=== Task instructions ===
Go through the listing below and write out exactly the lines from the one that mentions "living room featuring" through the one that mentions "a person holding", minus the pictures.

=== Given data ===
########

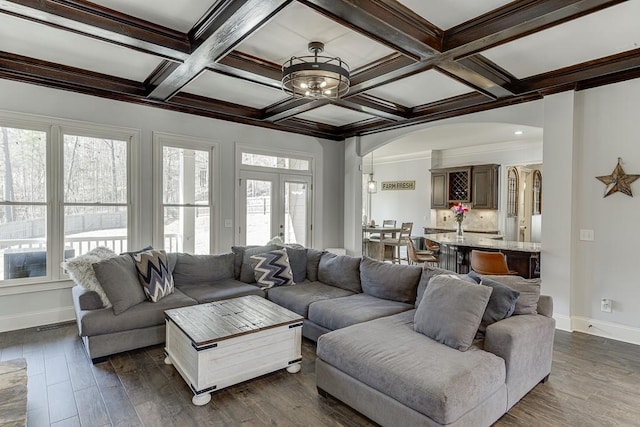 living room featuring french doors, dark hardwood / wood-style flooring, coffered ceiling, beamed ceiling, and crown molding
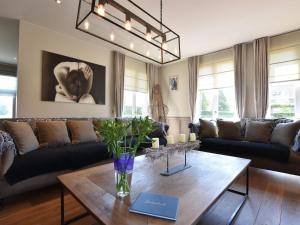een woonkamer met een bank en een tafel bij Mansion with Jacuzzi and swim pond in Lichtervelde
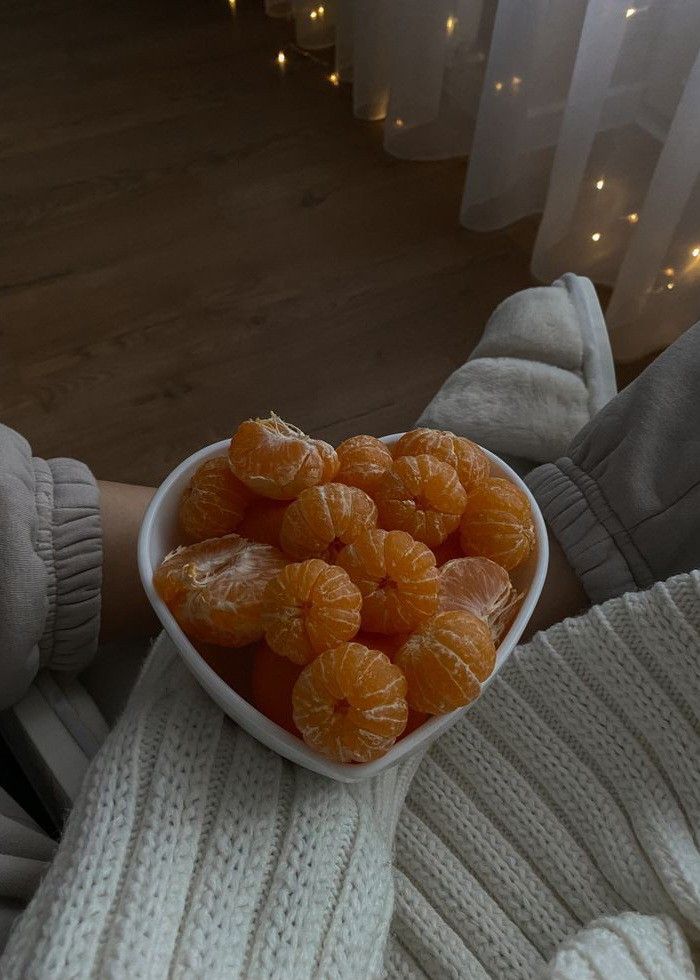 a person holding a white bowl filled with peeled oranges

########

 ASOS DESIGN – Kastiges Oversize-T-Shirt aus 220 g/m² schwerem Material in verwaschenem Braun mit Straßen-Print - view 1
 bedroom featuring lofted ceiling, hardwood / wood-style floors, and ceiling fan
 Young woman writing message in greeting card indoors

########

=== Solution to the exercise ===
 living room featuring french doors, dark hardwood / wood-style flooring, coffered ceiling, beamed ceiling, and crown molding
een woonkamer met een bank en een tafel bij Mansion with Jacuzzi and swim pond in Lichtervelde
 a person holding a white bowl filled with peeled oranges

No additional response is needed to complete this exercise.